Central planning - Some of the most groundbreaking advancements in machine learning over the past decade have come from the compounding advantage of unsupervised reinforcement learning. For all the obvious atoms-based reasons, that is very difficult within robotics. Deepmind’s AutoRT project provides a system that leverages foundation models to scale up the deployment and orchestration of operational robots in completely unseen scenarios with minimal human supervision. They use VLMs to do open-vocab descriptions of what the robot sees, then pass that description to an LLM which proposes natural language instructions. The proposals are then critiqued by another LLM, the robot constitution, to refine instructions towards safe, completable behaviors. If that sounds like the first step in 12 steps that ends in murderbots, rest assured that the system’s been built with Asimov's Laws in mind.
Web of lies - Japanese scientists successfully developed synthetic spider silk through an innovative microfluidic device that manipulates small amounts of fluid through narrow channels and negative pressure. Spider silk has a tensile strength comparable to steel and a strength-to-weight ratio that makes it perfect for biomedical applications, such as sutures and artificial ligaments.
Storm Troopers - A meteorology team out of the University of Oklahoma (who knew?) developed a computational model that leverage lightning flash count to more reliably predict weather predictions. The method dubbed “Flash Extent Density measurement” uses geostationary satellites armed with cameras designed to detect lightning through an array of optical sensors. This method records both point-like lightning locations but also the horizontal extent of the lightning detections, making it possible to watch how lightning evolved over time. Initial results showed a equivalent predictive power at much lower compute costs but they might get another lucky strike (😏).
Ledge computing - There’s been a lot of takedowns on the increasing usage AI social agents to fight loneliness but this is research in Nature provides a pretty uplifting take. A survey of 1000+ student users of Replika found that in 3% of cases the user halted their suicidal ideation. Mental health is a massive, massive challenge on several fronts so any effort to overcome this is welcome. While it may seem weird to divulge to an artificial listener, existing options are limited. I trialed BetterHealth last year and it was the worst product experience since Comcast.

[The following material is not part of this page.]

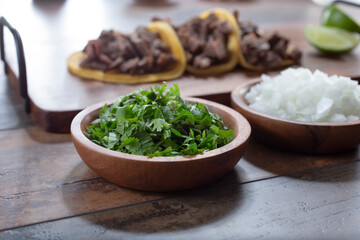 A view condiment cups of chopped cilantro and onion.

Hear me out - A recent study showed a breakthrough gene therapy could provide the cure for congenitally deaf children. Though a small study (six in total), the results over 26 weeks are extremely promising with five showing strong improvement in hearing ability. The children in the trial suffered a condition called DFNB9, resulting in total deafness due to a mutation in the OTOF gene. The solution was to deliver a targeted gene therapy via a host virus. Interestingly the gene-therapy was too large for the AAV - an interesting area for investment - so the therapy had to be split in two and delivered via separate viral vectors. A massive win for the field and a feel good story if there ever was one.
Portfolio Flex
Giddy up! - Ophelos CEO and co-founder, Amon Ghaiumy, was featured on the Riding Unicorns podcast to tell his inspiring story of using AI to solve debt collection.
Let’s get clinical - Pear Bio, alongside their partners the Royal Free Hospital, UCL and Kidney Cancer UK, released the first results of their kidney cancer clinical trial to great success.